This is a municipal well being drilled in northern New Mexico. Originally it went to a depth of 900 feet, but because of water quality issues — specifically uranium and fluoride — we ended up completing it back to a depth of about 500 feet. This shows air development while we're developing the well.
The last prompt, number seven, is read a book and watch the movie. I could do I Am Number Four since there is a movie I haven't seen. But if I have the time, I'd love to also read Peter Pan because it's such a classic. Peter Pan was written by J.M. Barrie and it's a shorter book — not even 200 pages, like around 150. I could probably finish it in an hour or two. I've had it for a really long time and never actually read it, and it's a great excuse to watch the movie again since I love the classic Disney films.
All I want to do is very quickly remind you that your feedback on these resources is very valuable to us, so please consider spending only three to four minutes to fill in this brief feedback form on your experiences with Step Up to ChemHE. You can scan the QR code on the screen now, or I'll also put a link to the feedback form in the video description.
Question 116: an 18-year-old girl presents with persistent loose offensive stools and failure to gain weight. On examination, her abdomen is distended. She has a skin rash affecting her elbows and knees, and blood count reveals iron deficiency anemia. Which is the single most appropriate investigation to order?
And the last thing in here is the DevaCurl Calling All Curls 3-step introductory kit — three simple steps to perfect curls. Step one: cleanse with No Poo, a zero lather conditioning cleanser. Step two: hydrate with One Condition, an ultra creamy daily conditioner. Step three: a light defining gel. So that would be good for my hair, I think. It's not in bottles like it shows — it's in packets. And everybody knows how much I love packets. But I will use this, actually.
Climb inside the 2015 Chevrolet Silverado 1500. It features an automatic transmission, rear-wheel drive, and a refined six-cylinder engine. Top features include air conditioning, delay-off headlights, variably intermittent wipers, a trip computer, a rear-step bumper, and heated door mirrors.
---*---
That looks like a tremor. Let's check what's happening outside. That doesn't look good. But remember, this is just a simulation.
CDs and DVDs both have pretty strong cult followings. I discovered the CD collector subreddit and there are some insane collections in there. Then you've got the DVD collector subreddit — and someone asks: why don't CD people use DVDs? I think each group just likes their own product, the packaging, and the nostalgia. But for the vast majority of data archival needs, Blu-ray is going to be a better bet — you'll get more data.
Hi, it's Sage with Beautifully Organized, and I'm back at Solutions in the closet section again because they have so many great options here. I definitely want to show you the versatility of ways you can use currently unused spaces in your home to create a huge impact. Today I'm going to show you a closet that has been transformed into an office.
---*---
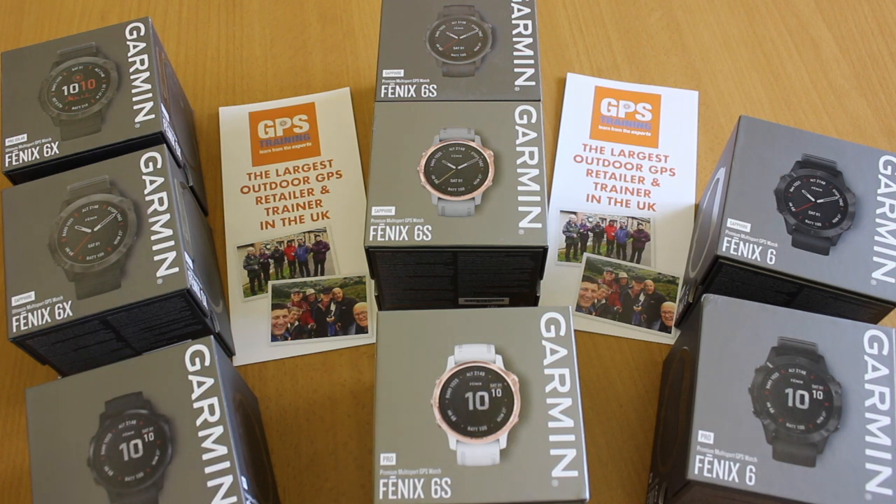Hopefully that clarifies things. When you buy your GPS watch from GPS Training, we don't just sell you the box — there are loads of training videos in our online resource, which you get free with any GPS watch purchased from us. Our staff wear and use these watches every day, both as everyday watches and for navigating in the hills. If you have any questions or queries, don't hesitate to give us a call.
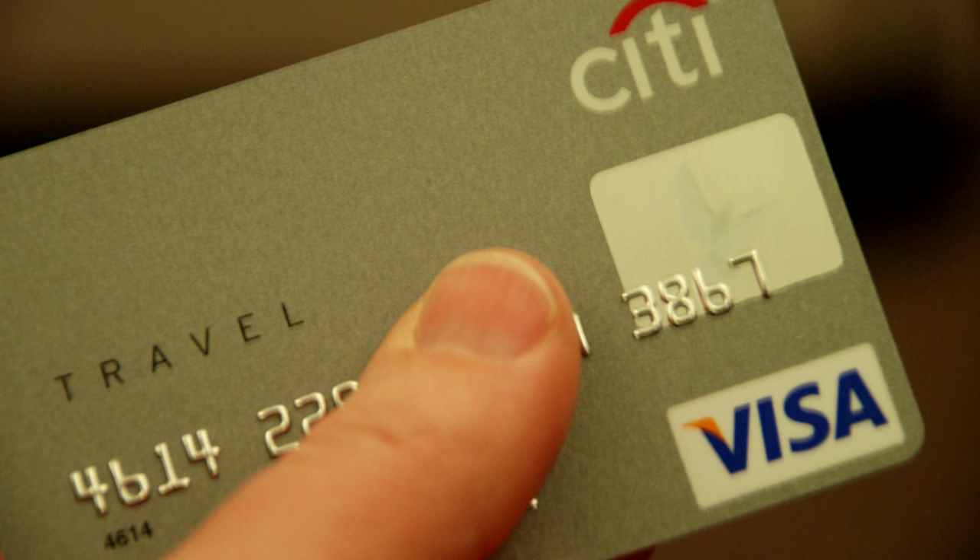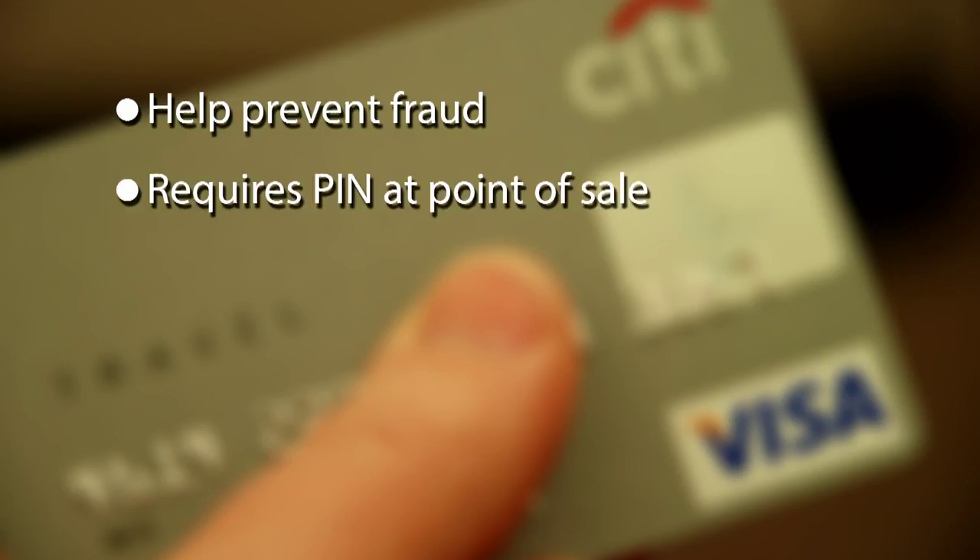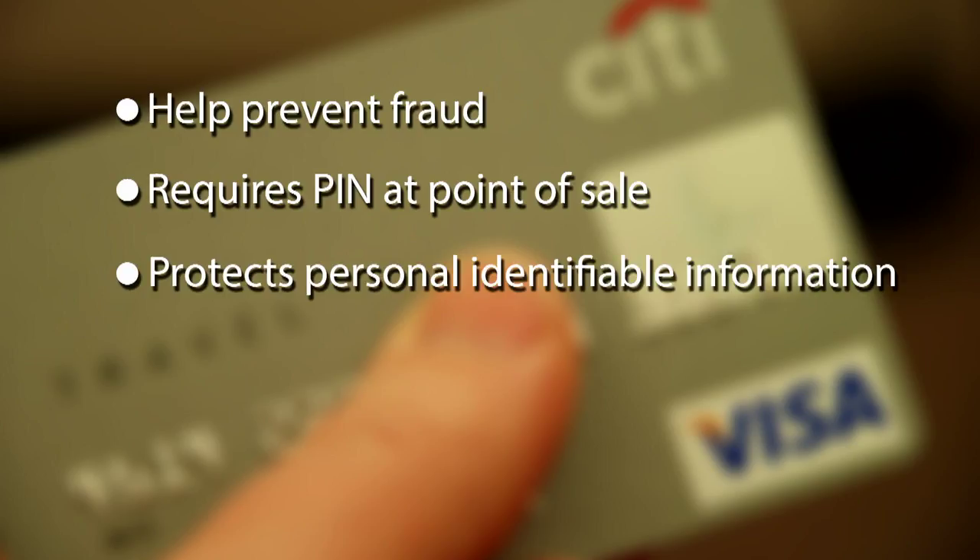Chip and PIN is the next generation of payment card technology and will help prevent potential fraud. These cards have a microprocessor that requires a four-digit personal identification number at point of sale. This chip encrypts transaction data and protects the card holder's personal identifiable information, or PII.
---*---
With the line holding "This is a municipal" as the first and the line holding "The last prompt, number" as the last, set down that range of the entries above exactly, and nothing else.

Solution for this problem:
This is a municipal well being drilled in northern New Mexico. Originally it went to a depth of 900 feet, but because of water quality issues — specifically uranium and fluoride — we ended up completing it back to a depth of about 500 feet. This shows air development while we're developing the well.
The last prompt, number seven, is read a book and watch the movie. I could do I Am Number Four since there is a movie I haven't seen. But if I have the time, I'd love to also read Peter Pan because it's such a classic. Peter Pan was written by J.M. Barrie and it's a shorter book — not even 200 pages, like around 150. I could probably finish it in an hour or two. I've had it for a really long time and never actually read it, and it's a great excuse to watch the movie again since I love the classic Disney films.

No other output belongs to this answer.